→ **ABOUT THIS TASK**: In the entries that follow, find the line containing "Anti-twisting yarn device" and the line containing "John Elliott Opens", then retype exactly the lines from the first through the second, pictures excluded.

→ **INFORMATION**:
>>>

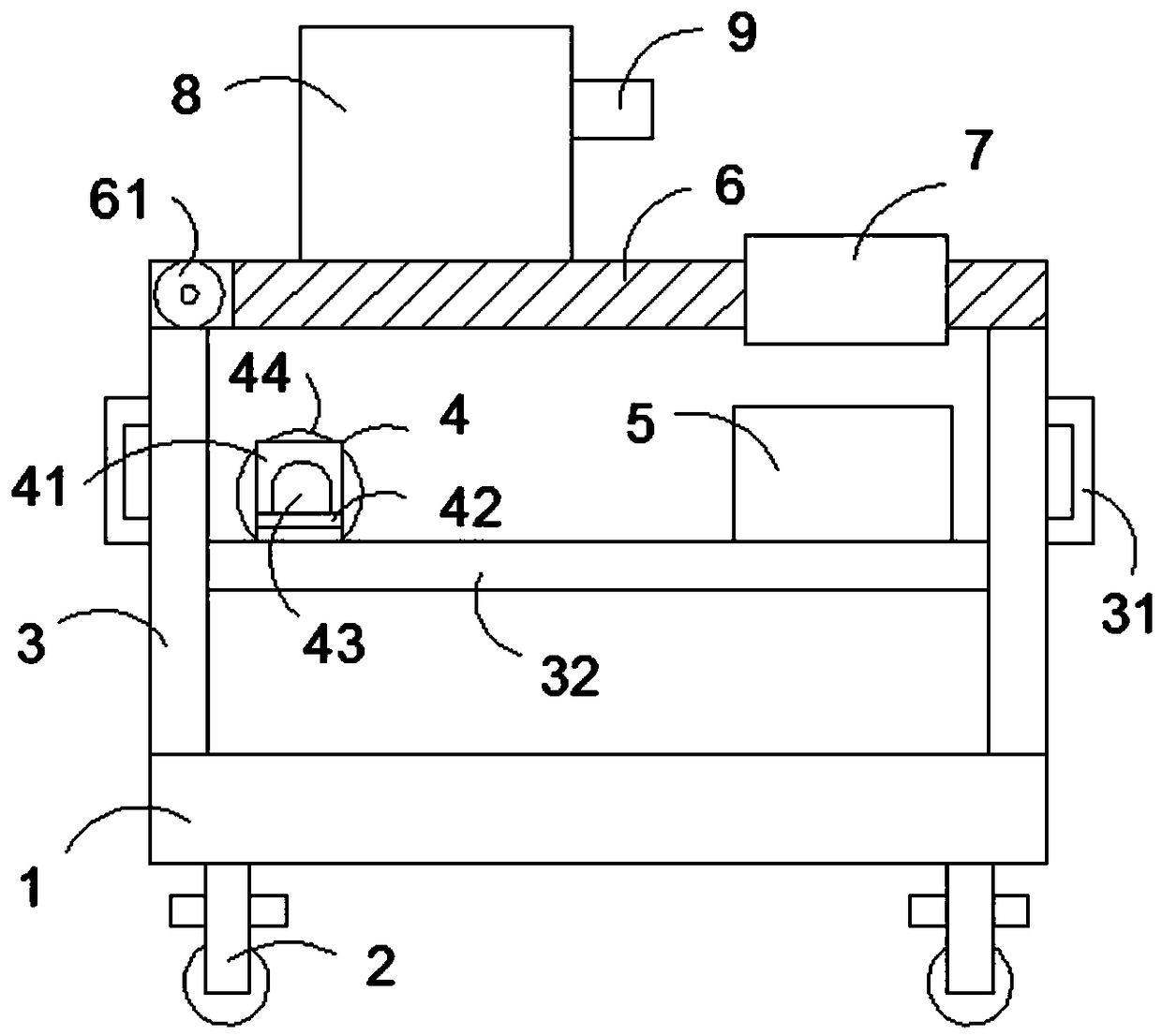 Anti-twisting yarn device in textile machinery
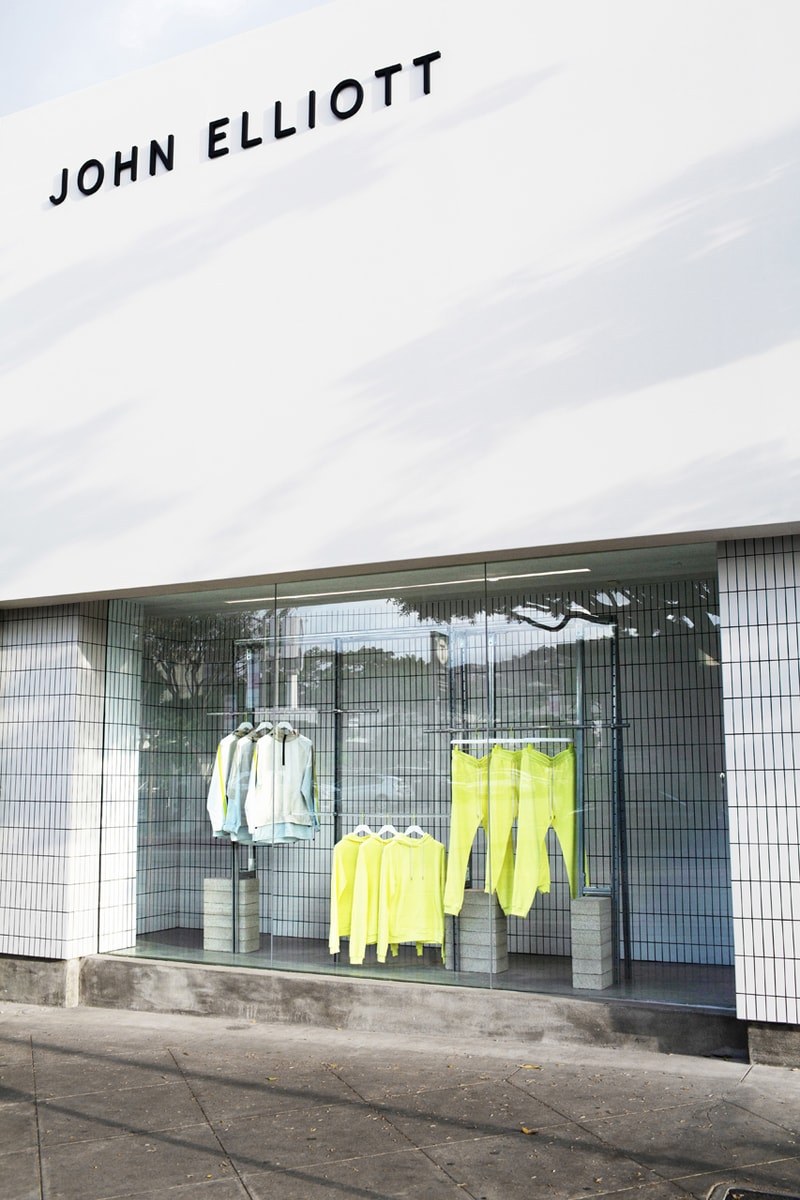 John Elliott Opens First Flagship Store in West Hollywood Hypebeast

<<<
>>>

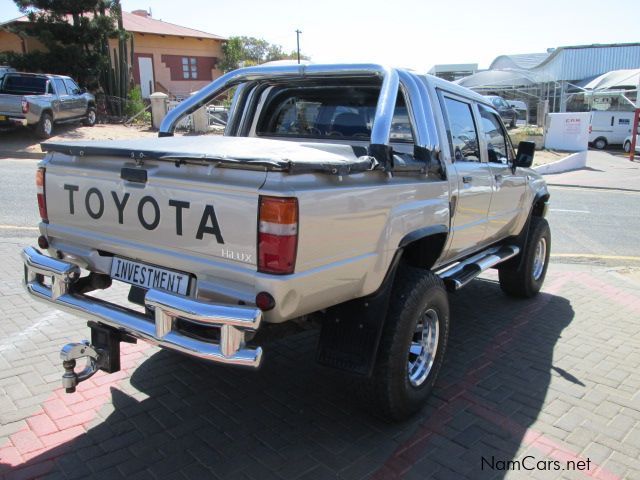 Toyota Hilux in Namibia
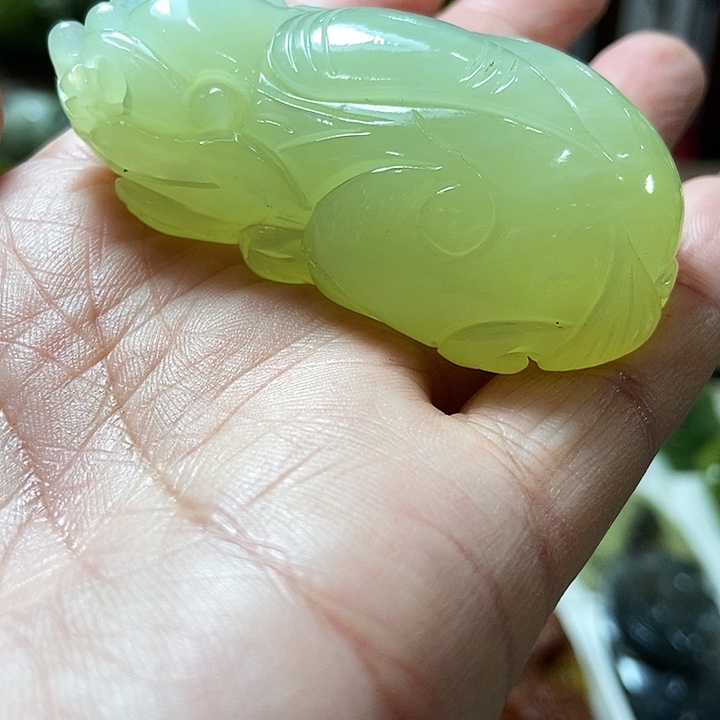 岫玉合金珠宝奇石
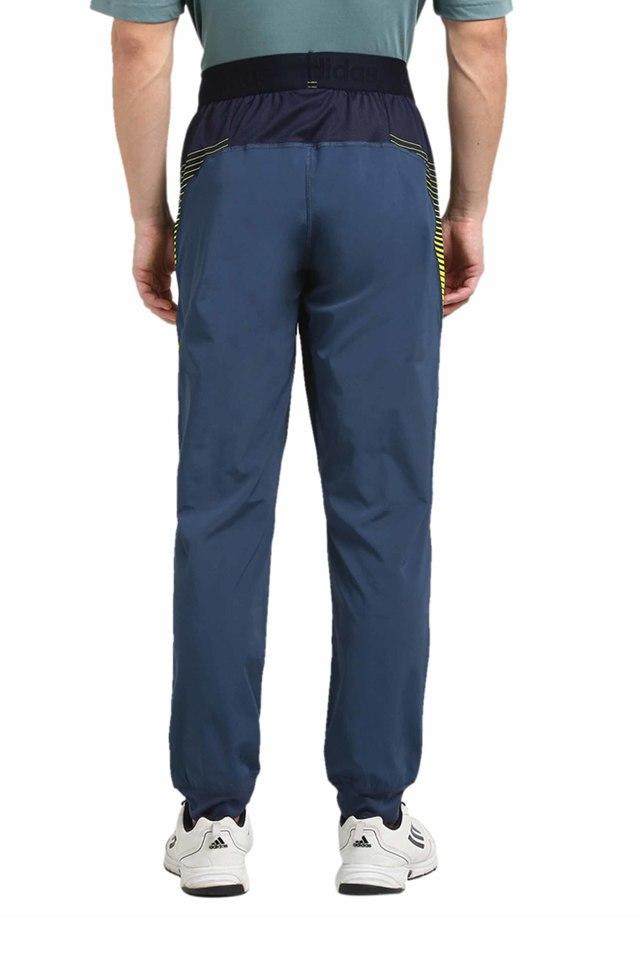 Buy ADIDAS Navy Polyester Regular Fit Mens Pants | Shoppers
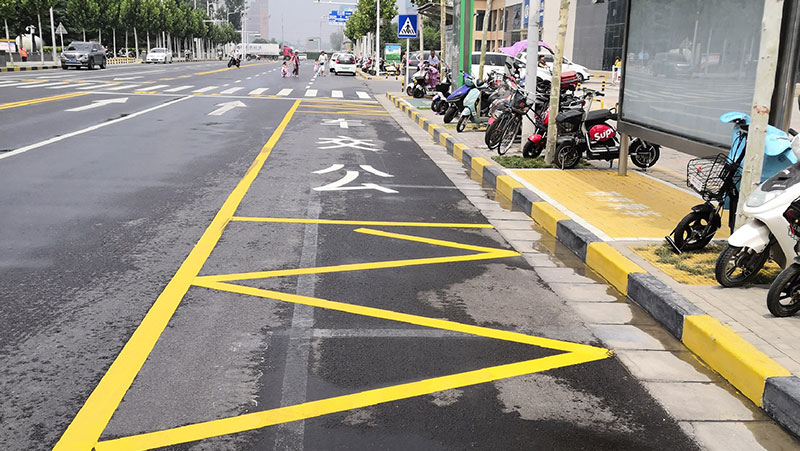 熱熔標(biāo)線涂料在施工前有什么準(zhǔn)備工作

<<<

→ **SOLUTION FOR THIS EXERCISE**:
 Anti-twisting yarn device in textile machinery
 John Elliott Opens First Flagship Store in West Hollywood Hypebeast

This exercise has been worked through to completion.